In the heart of China, researchers at Yunnan University have made a significant stride in the world of semiconductor materials, potentially paving the way for more efficient microelectronic chips crucial for the energy sector. Led by Yongkang Jiang from the School of Materials and Energy, the team has uncovered a mechanism that could enhance the performance of gallium antimonide (GaSb) crystals, a material with promising applications in high-speed electronics and optoelectronic devices.
The team’s findings, published in *Information & Functional Materials* (translated as *Information and Functional Materials*), shed light on the intricate dance of defects and dopants within GaSb crystals. At the core of their discovery is the “compensation effect,” a phenomenon that can suppress intrinsic and complex defects, thereby improving carrier transport behavior.
GaSb crystals, known for their potential in high-speed electronics, often fall short due to low mobility caused by intrinsic defects that contribute to p-type semiconductor characteristics. However, Jiang and his team found that tellurium (Te) doping can induce an electron transport mechanism, significantly enhancing mobility. “The donor doping develops an electron transport via the impurity compensation effect, significantly enhancing mobility,” Jiang explained.
The team’s first-principle calculations revealed that intrinsic defects have low formation energy, contributing to p-type semiconductors. However, the introduction of Te doping alters this landscape, promoting electron transport and high mobility. Moreover, they identified that polar optical phonon-limited Fröhlich scattering dominates the GaSb scattering process at low carrier concentration and high operating temperatures.
The implications of this research are substantial for the energy sector. High-mobility GaSb crystals could lead to the development of high-performance microelectronic chips, which are essential for various energy applications, from power electronics to renewable energy systems. “This research lays a solid foundation for exploiting high-mobility GaSb and high-performance GaSb-based microelectronic chips,” Jiang stated.
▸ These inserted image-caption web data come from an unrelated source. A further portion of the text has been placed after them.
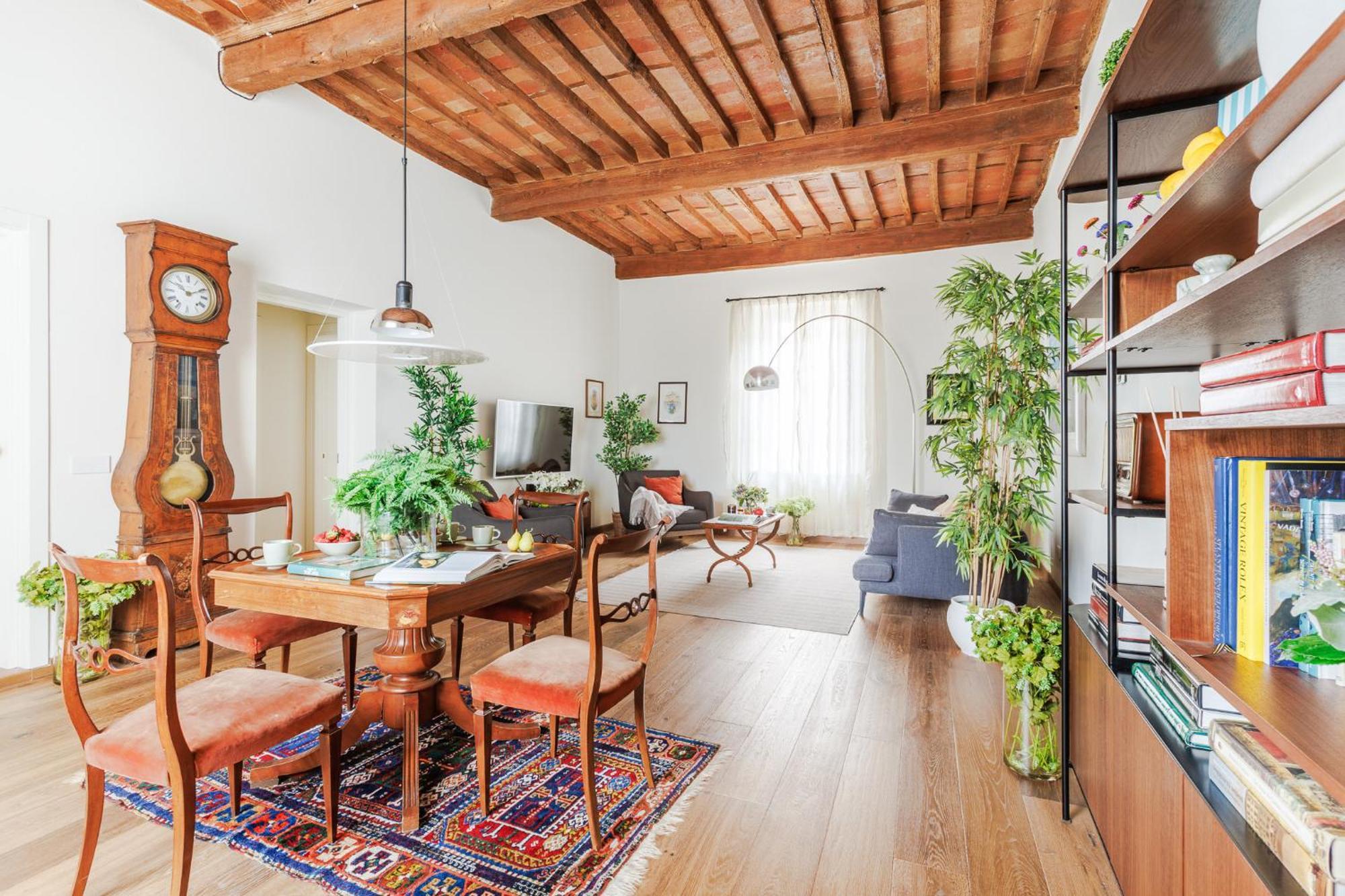 Lunavi House In *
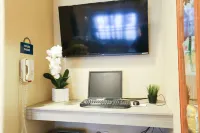 Days Inn by Wyndham Calgary Airport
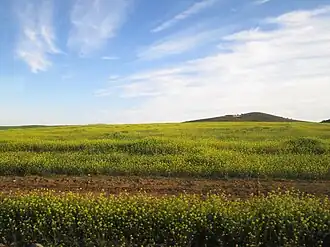 Vista rural da prefeitura.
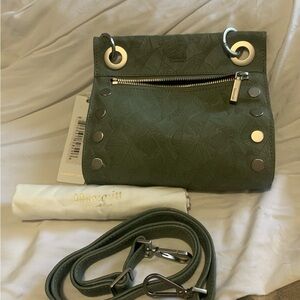 Hammitt Tony Sm NWT in Pistachio Green Palm Crossbody/Clutch w/Dust Bag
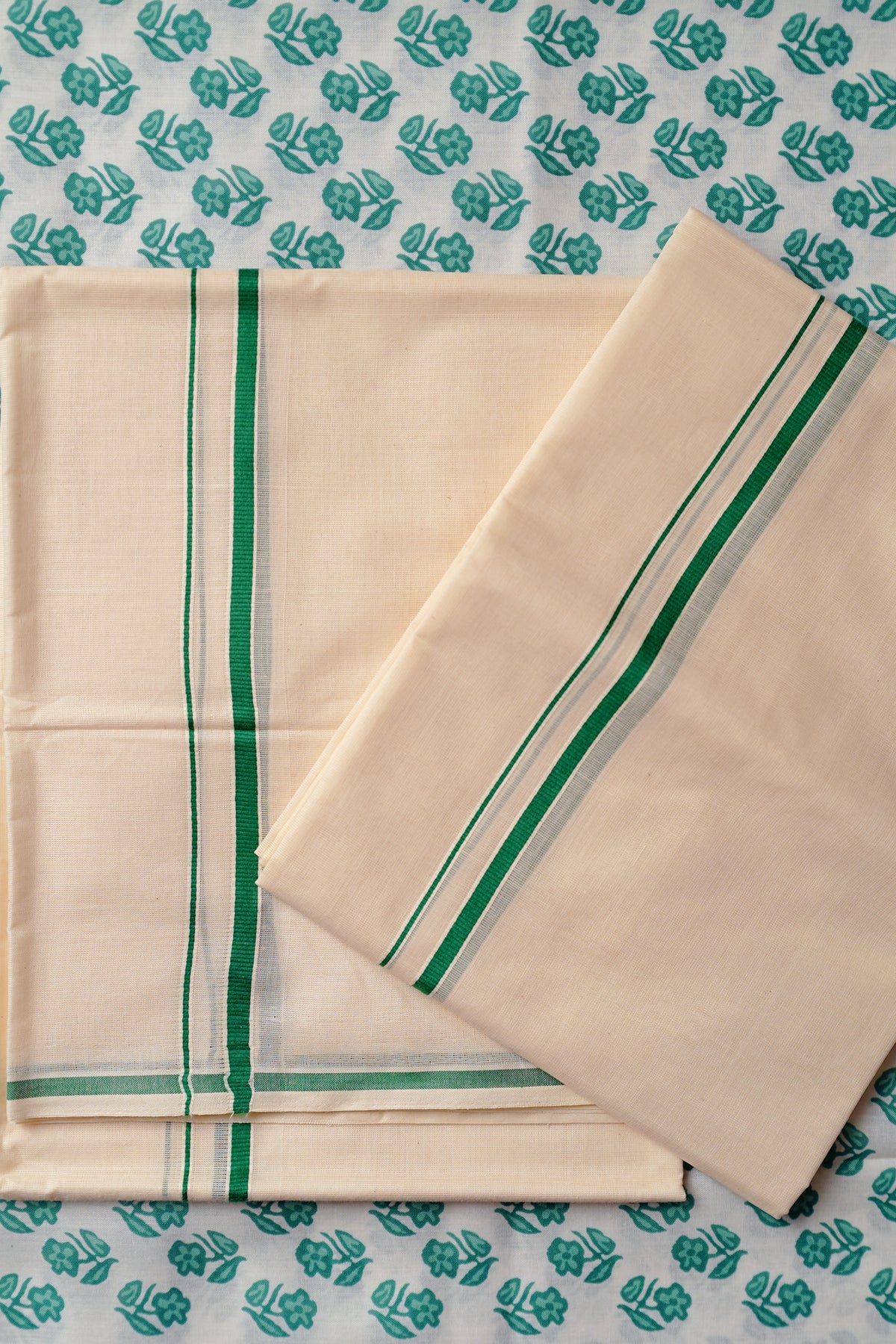 Jalaja- Green Puliyilakkara Settumund with Floral Printed Blouse Material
The team’s work not only advances our understanding of defect-regulating scattering mechanisms but also opens new avenues for designing and fabricating high-quality GaSb-based devices. As the world continues to demand more efficient and powerful electronic devices, the insights gained from this research could be instrumental in meeting these needs.
In the ever-evolving landscape of semiconductor technology, Jiang’s team has provided a compelling narrative of how understanding and manipulating defects can lead to significant advancements. Their work serves as a testament to the power of fundamental research in driving technological innovation, particularly in the energy sector.